• Problem details
Print exactly the lines below between the line holding "DEPORTIVOS HOMBRE SKECHERS 211382" and the line holding "Box | Kneen & Co", inclusive, and nothing more.

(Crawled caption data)
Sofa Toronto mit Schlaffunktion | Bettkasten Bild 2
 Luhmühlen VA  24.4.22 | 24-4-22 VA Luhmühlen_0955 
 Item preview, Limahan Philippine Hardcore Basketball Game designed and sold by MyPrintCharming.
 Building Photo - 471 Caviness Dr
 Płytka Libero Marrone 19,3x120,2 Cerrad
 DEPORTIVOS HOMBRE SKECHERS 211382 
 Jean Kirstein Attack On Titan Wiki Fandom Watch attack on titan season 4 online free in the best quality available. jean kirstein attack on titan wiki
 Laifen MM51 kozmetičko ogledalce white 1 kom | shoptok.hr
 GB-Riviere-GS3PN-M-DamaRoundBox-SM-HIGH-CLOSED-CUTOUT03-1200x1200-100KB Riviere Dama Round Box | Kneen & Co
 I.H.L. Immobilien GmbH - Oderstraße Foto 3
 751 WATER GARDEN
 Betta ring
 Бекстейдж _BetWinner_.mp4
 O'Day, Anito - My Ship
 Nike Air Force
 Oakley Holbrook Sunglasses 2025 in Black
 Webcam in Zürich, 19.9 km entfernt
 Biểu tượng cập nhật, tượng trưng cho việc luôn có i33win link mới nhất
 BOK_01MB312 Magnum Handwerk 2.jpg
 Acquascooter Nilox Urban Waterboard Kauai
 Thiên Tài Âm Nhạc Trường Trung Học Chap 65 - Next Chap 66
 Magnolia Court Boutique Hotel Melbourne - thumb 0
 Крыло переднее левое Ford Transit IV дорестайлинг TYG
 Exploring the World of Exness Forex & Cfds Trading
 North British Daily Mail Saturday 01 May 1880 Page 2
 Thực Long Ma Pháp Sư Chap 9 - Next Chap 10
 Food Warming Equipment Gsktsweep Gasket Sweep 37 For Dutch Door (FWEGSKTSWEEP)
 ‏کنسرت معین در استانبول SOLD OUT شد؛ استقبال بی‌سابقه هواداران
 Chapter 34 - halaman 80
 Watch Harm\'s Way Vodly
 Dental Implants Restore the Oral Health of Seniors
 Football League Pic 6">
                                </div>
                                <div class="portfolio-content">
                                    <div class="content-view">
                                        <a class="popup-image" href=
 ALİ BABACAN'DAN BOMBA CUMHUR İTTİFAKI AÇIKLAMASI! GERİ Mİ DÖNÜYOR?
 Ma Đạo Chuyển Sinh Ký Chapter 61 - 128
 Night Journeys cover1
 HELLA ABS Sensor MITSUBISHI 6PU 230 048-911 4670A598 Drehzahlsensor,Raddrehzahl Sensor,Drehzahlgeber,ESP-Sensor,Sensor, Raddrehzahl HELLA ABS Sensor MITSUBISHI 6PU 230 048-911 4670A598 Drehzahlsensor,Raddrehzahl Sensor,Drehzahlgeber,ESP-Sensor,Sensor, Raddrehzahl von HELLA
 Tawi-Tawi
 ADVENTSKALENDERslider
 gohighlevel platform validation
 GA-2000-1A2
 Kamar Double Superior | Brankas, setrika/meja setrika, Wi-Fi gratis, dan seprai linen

• Solution for this problem
 DEPORTIVOS HOMBRE SKECHERS 211382 
 Jean Kirstein Attack On Titan Wiki Fandom Watch attack on titan season 4 online free in the best quality available. jean kirstein attack on titan wiki
 Laifen MM51 kozmetičko ogledalce white 1 kom | shoptok.hr
 GB-Riviere-GS3PN-M-DamaRoundBox-SM-HIGH-CLOSED-CUTOUT03-1200x1200-100KB Riviere Dama Round Box | Kneen & Co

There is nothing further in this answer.